• DESCRIPTION OF THE TASK: The records that follow should be returned exactly, pictures excluded.

• AVAILABLE DATA:
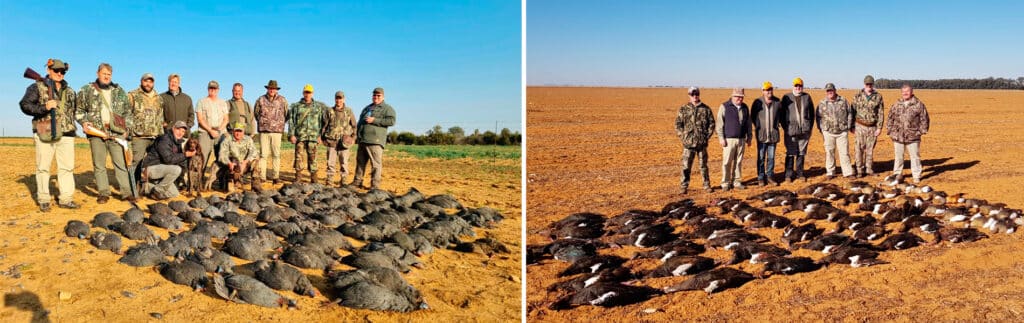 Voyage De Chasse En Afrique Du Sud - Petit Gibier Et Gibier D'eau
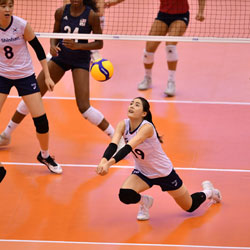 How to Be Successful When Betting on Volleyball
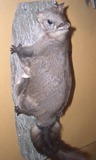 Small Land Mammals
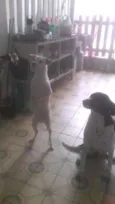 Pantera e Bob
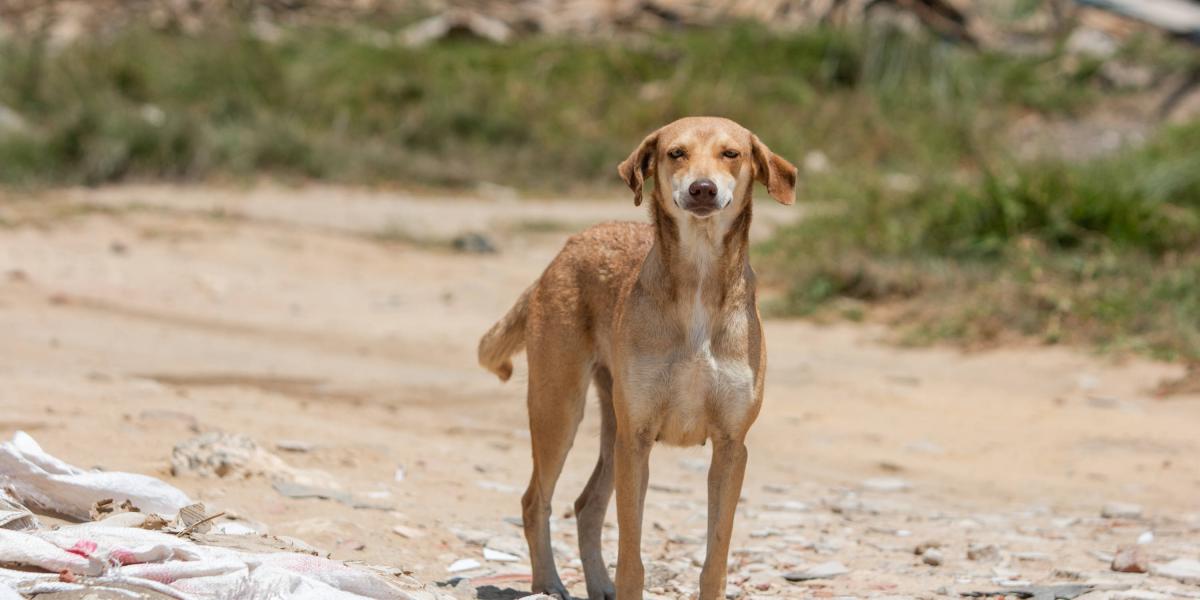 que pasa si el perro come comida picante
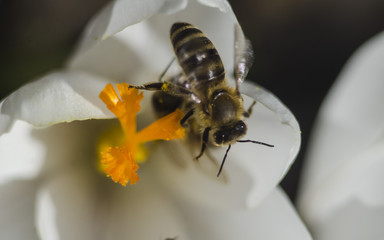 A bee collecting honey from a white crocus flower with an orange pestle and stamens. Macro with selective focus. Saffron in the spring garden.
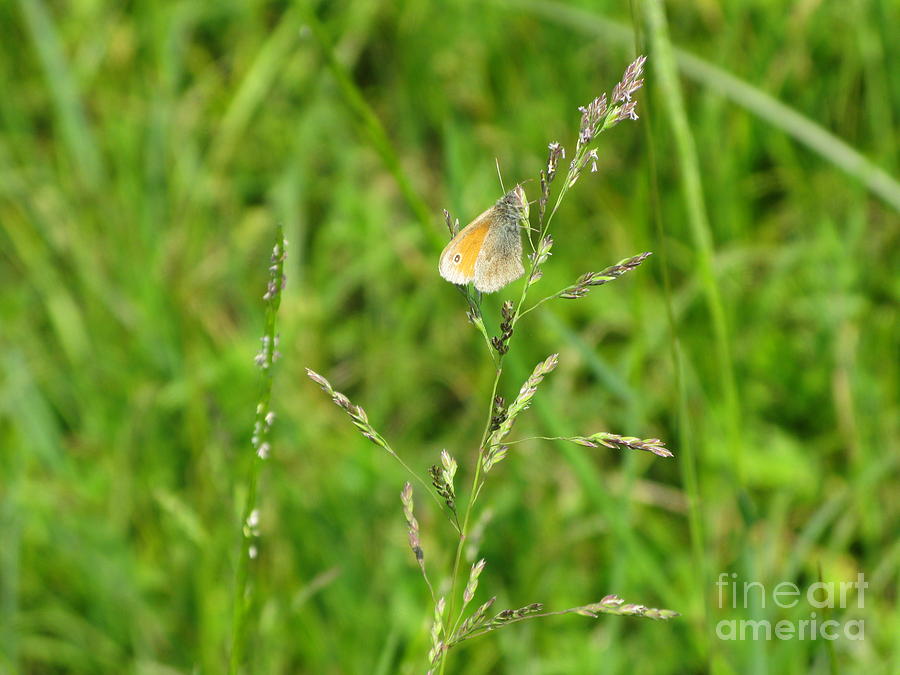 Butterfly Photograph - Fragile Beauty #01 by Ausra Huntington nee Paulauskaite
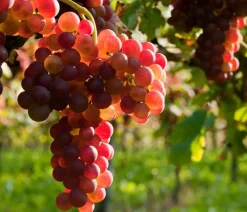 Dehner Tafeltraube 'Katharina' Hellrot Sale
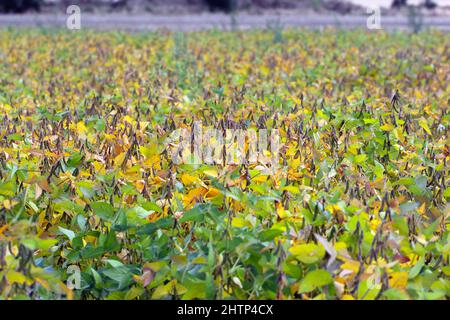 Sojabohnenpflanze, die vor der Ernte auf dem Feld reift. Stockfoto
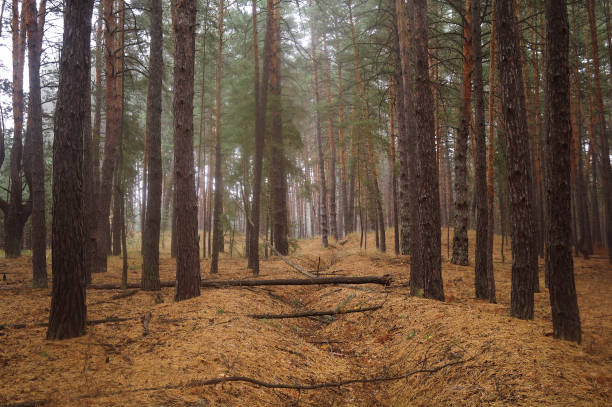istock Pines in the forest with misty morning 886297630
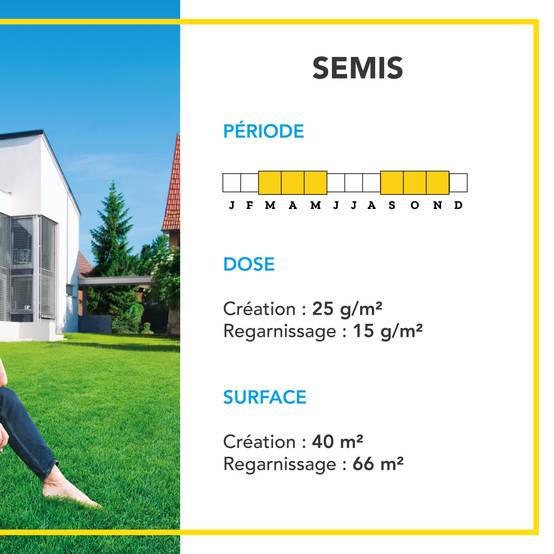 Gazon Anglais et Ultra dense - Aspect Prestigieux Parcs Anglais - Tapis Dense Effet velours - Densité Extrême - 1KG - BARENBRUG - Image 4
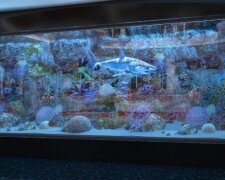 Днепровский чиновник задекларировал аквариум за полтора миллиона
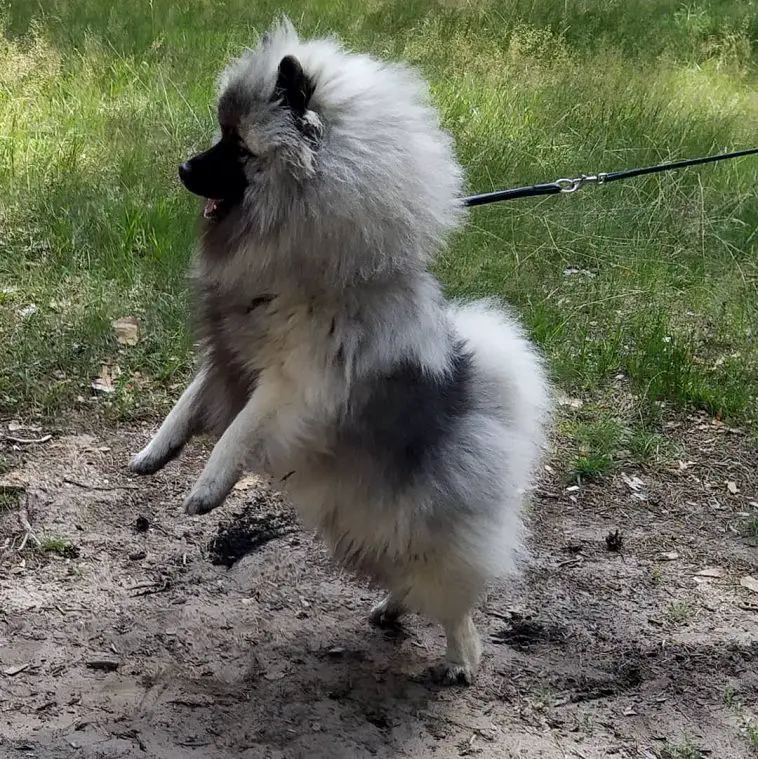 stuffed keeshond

• RESULT FOR THIS TASK:
 Voyage De Chasse En Afrique Du Sud - Petit Gibier Et Gibier D'eau
 How to Be Successful When Betting on Volleyball
 Small Land Mammals
 Pantera e Bob
 que pasa si el perro come comida picante
 A bee collecting honey from a white crocus flower with an orange pestle and stamens. Macro with selective focus. Saffron in the spring garden.
 Butterfly Photograph - Fragile Beauty #01 by Ausra Huntington nee Paulauskaite
 Dehner Tafeltraube 'Katharina' Hellrot Sale
 Sojabohnenpflanze, die vor der Ernte auf dem Feld reift. Stockfoto
istock Pines in the forest with misty morning 886297630
 Gazon Anglais et Ultra dense - Aspect Prestigieux Parcs Anglais - Tapis Dense Effet velours - Densité Extrême - 1KG - BARENBRUG - Image 4
 Днепровский чиновник задекларировал аквариум за полтора миллиона
 stuffed keeshond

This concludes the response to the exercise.